* [Directions for this task]
Below are the records; extract from them the line containing "Passaporte de Cesarina Esperança Pereira" to the line containing "Dark Geometric Wolf Print Single Oven Mitt", both lines included, exactly and with no pictures.

***** Material shown

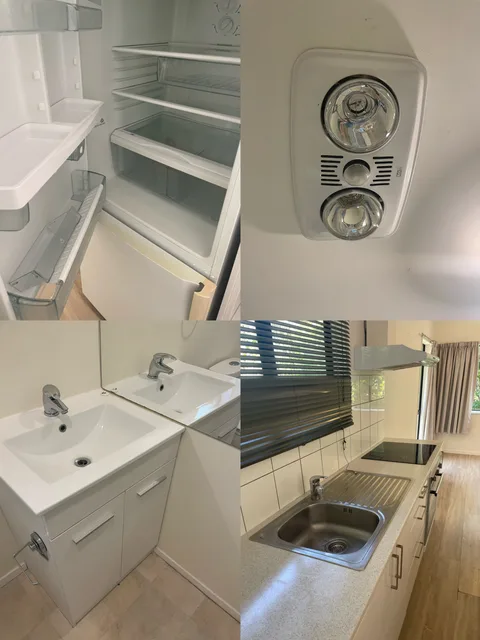 Finished views of refrigerator shelves, dishwasher interior, bathroom vanity and kitchen sink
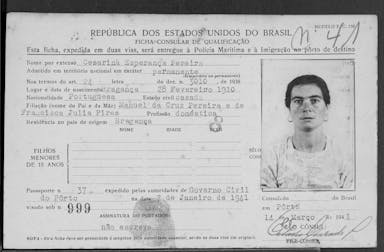 Passaporte de Cesarina Esperança Pereira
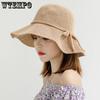 Women’s Breathable Knit Crochet Sun Hat Lightweight Hollow Out Bucket Hat with Bow Knot Detail Wide Brim UV Protection Summer Beach Hat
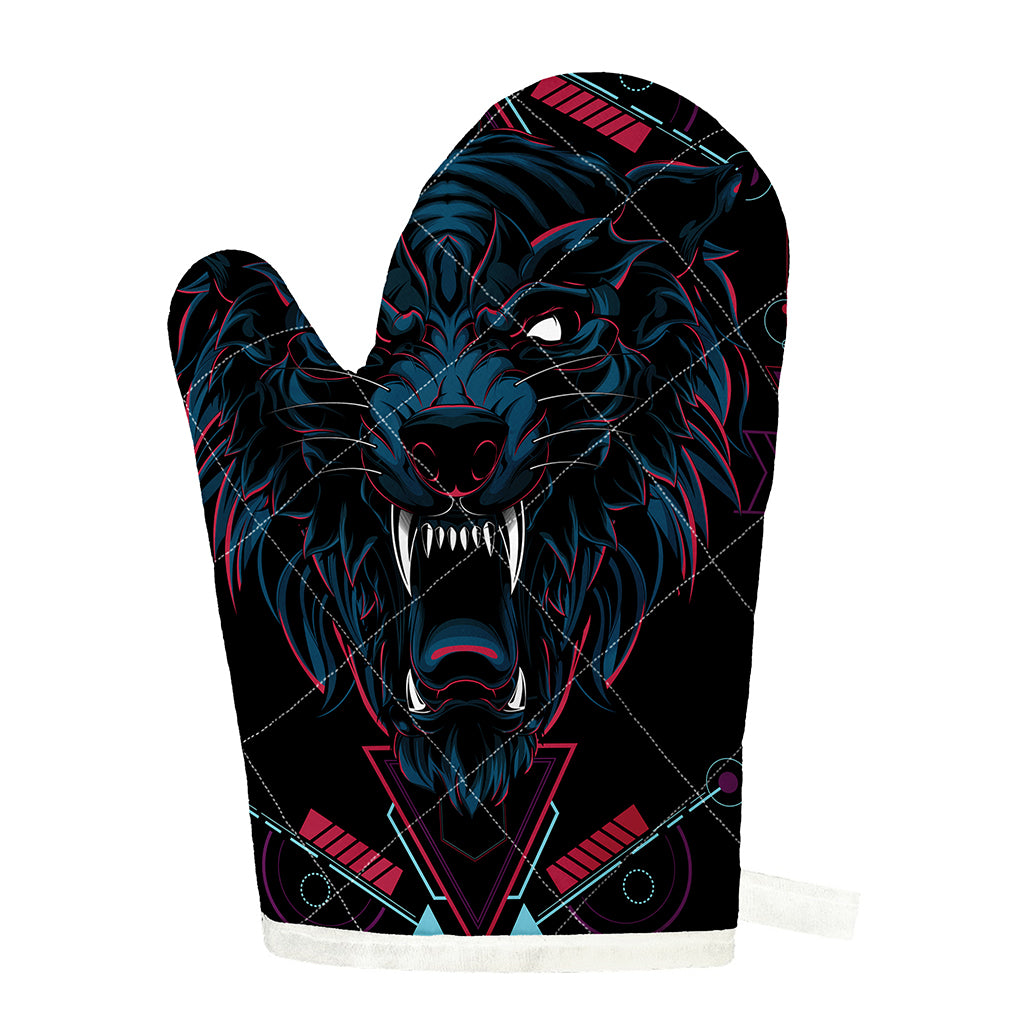 Dark Geometric Wolf Print Single Oven Mitt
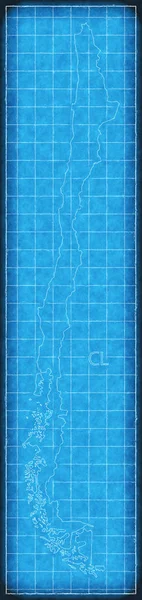 Chile map blue print artwork illustration silhouette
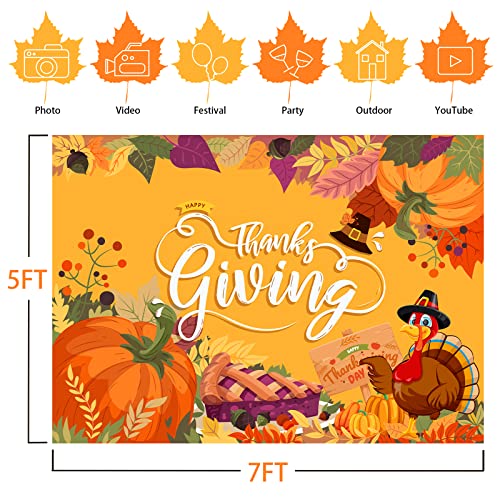 Image of Thanksgiving Backdrop, 84 inch x 60 inch Orange Polyester Thanksgiving Banner with Pumpkin, Maple Leaf & Turkey Design, Great for Photo Booth, Wall Decor, Party Supplies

**********

* [Your solution]
 Passaporte de Cesarina Esperança Pereira
 Women’s Breathable Knit Crochet Sun Hat Lightweight Hollow Out Bucket Hat with Bow Knot Detail Wide Brim UV Protection Summer Beach Hat
 Dark Geometric Wolf Print Single Oven Mitt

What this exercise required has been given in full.